* Exercise materials *
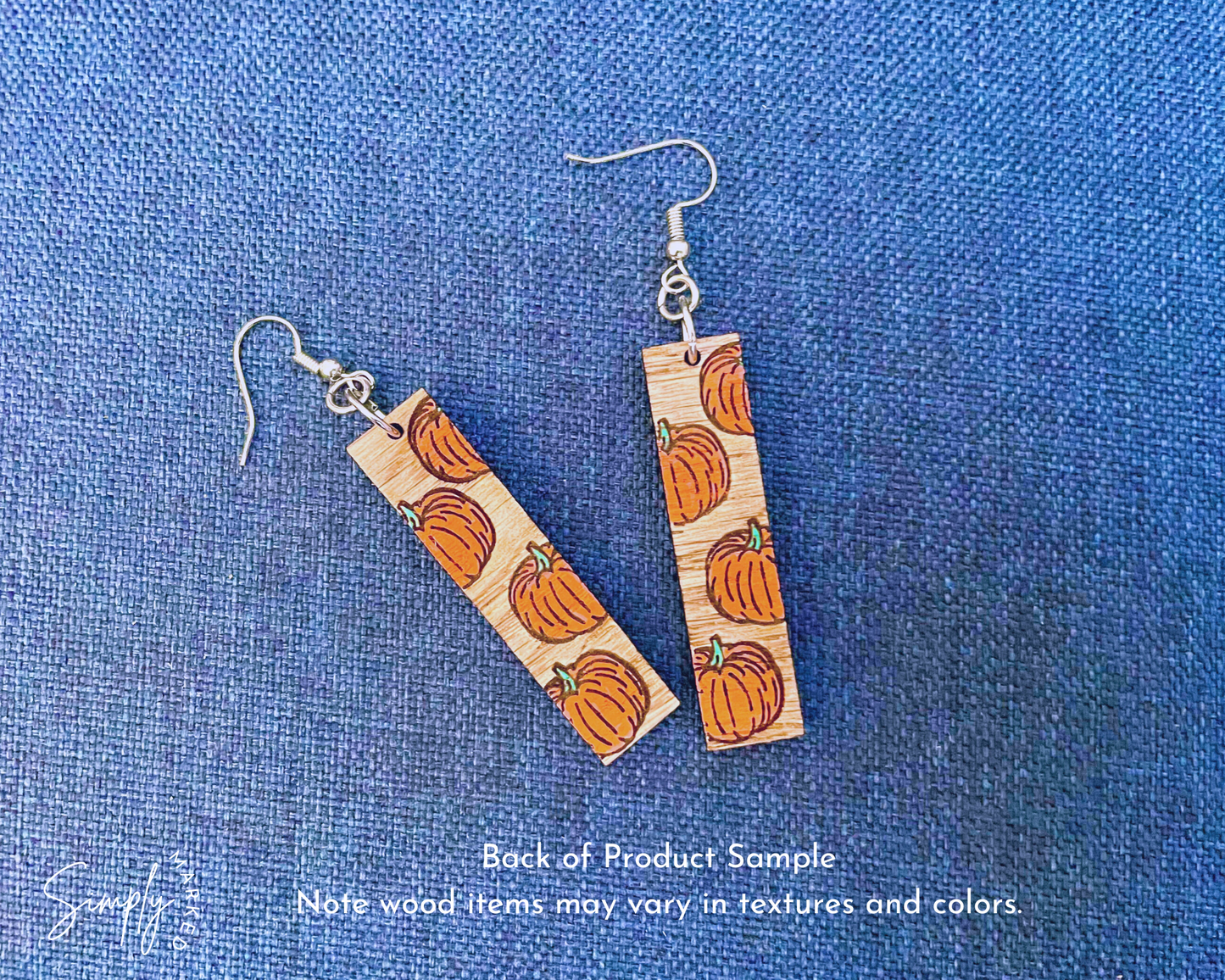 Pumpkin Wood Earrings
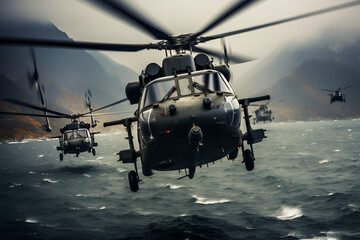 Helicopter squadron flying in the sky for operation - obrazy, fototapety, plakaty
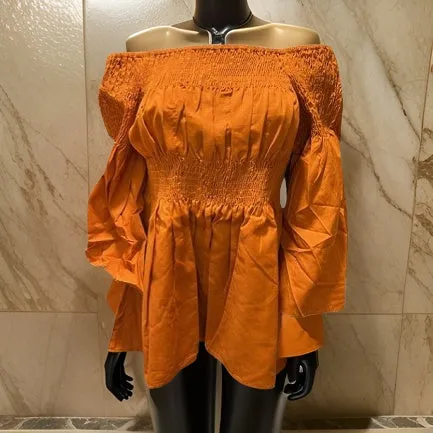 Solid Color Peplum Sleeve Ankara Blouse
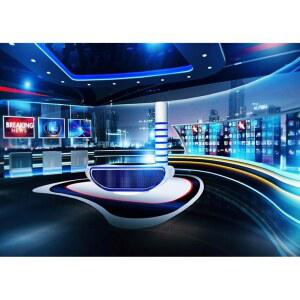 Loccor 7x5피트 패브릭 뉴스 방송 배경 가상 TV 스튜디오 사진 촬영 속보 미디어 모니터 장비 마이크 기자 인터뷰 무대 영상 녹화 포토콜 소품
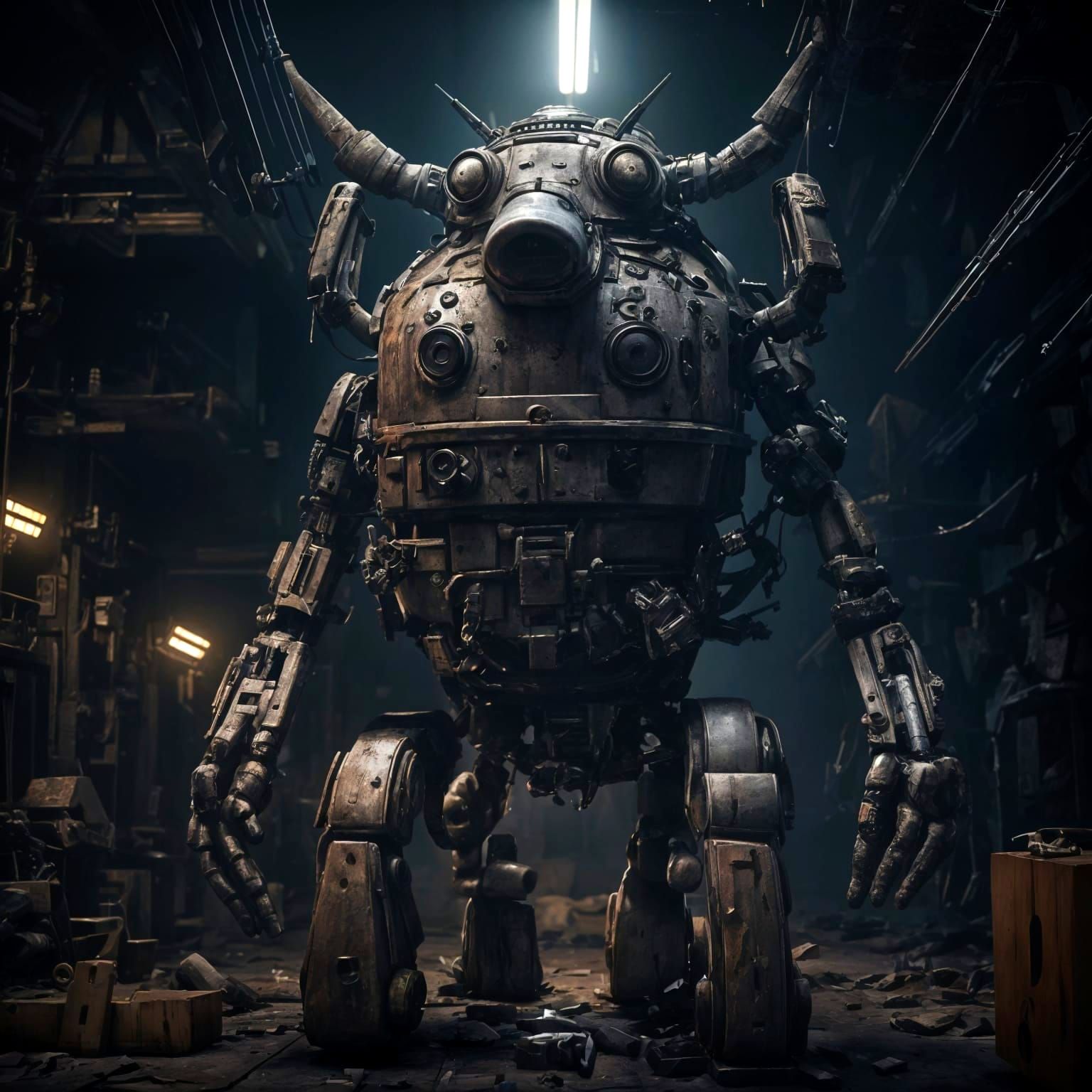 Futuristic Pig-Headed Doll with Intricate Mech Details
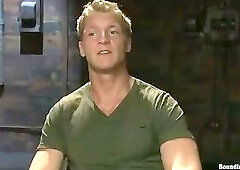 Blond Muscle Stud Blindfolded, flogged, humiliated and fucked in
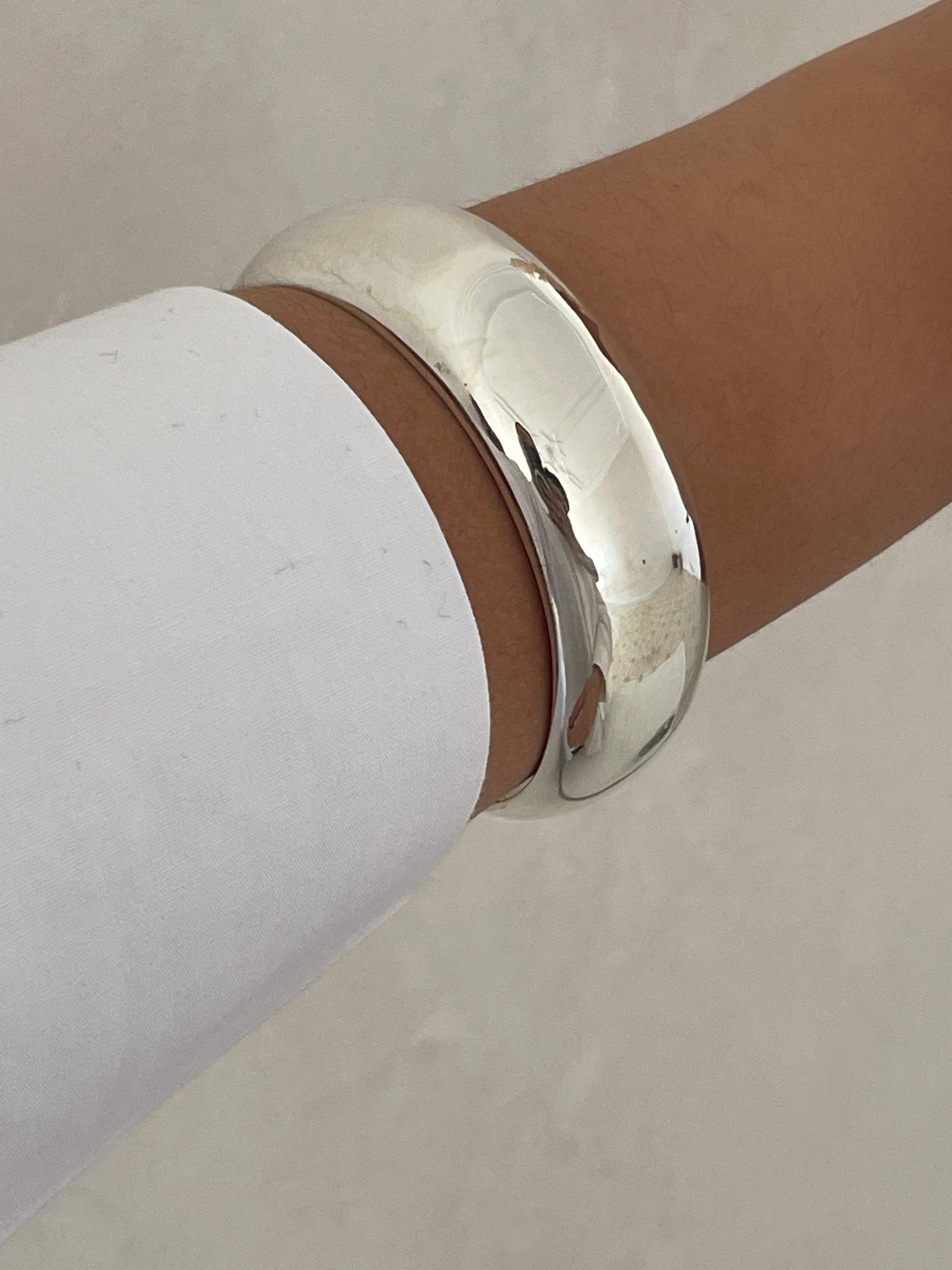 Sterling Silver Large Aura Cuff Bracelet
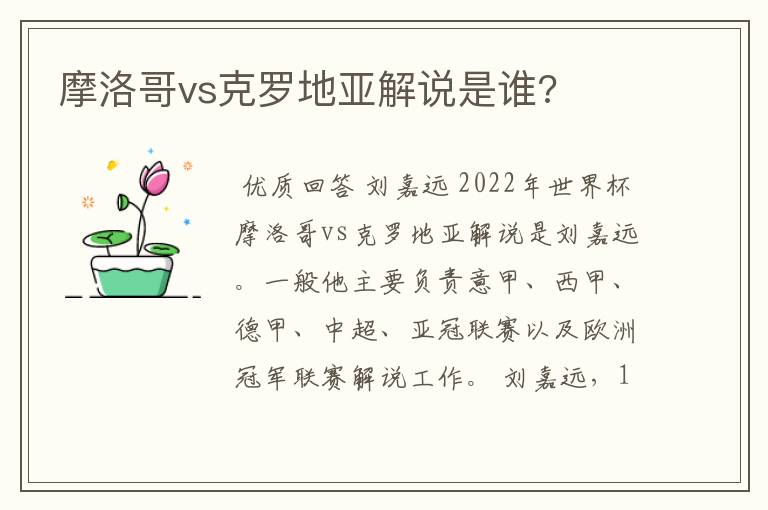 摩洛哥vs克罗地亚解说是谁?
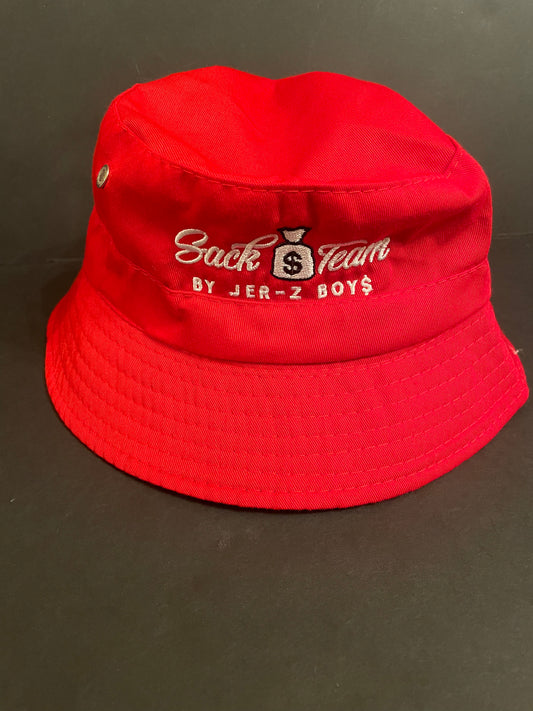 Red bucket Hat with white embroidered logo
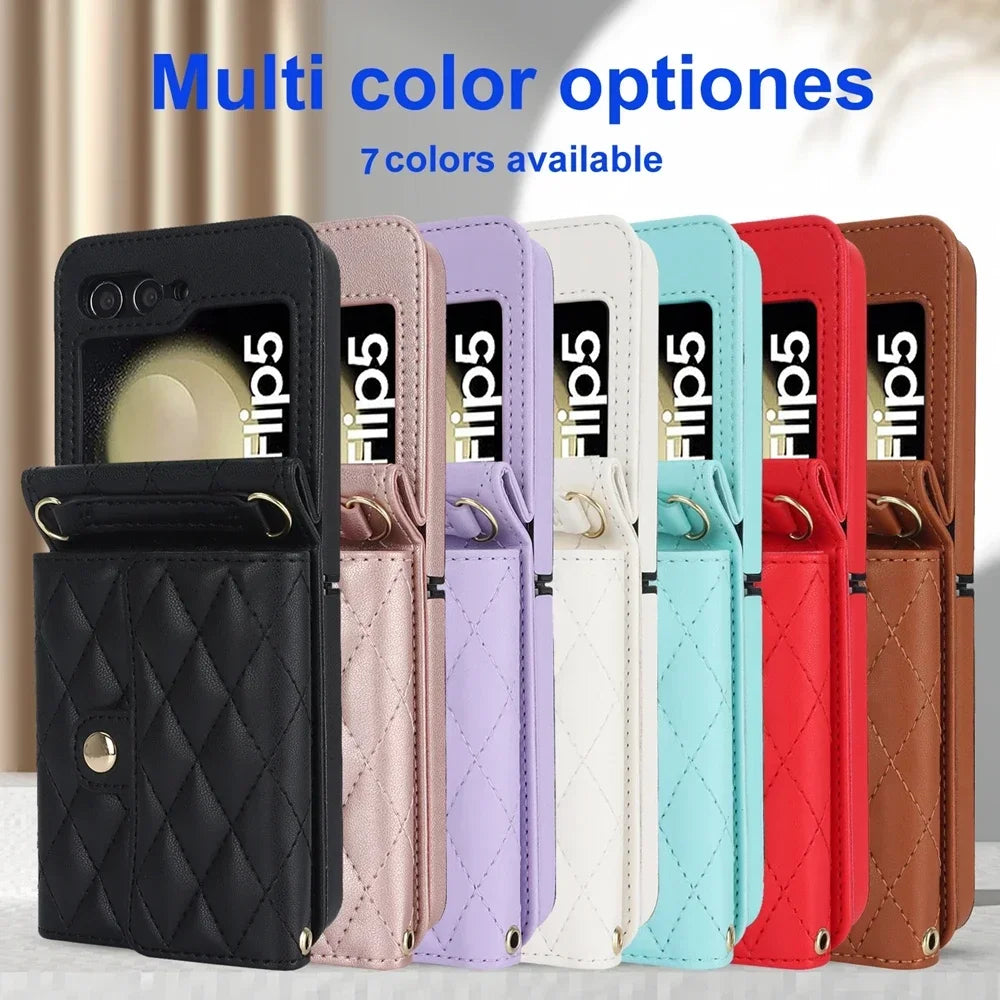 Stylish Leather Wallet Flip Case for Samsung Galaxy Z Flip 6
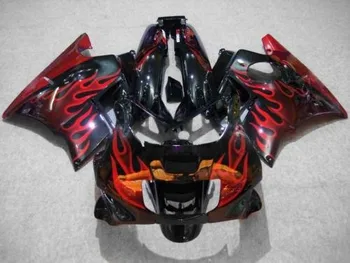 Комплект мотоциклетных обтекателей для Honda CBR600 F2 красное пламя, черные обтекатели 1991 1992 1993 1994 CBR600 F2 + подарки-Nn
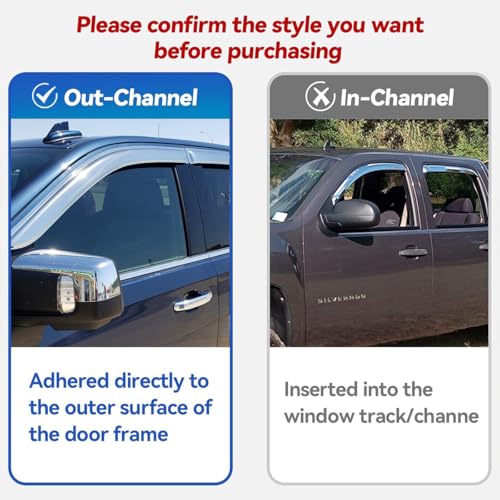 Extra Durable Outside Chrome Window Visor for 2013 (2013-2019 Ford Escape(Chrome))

* Aim of the task *
Your copy should consist only of the lines from the line holding "Loccor 7x5피트 패브릭" through the final line of the listing above, both included, with all pictures omitted.

* Completed task *
 Loccor 7x5피트 패브릭 뉴스 방송 배경 가상 TV 스튜디오 사진 촬영 속보 미디어 모니터 장비 마이크 기자 인터뷰 무대 영상 녹화 포토콜 소품
 Futuristic Pig-Headed Doll with Intricate Mech Details
 Blond Muscle Stud Blindfolded, flogged, humiliated and fucked in
 Sterling Silver Large Aura Cuff Bracelet
 摩洛哥vs克罗地亚解说是谁?
 Red bucket Hat with white embroidered logo
 Stylish Leather Wallet Flip Case for Samsung Galaxy Z Flip 6
 Комплект мотоциклетных обтекателей для Honda CBR600 F2 красное пламя, черные обтекатели 1991 1992 1993 1994 CBR600 F2 + подарки-Nn
 Extra Durable Outside Chrome Window Visor for 2013 (2013-2019 Ford Escape(Chrome))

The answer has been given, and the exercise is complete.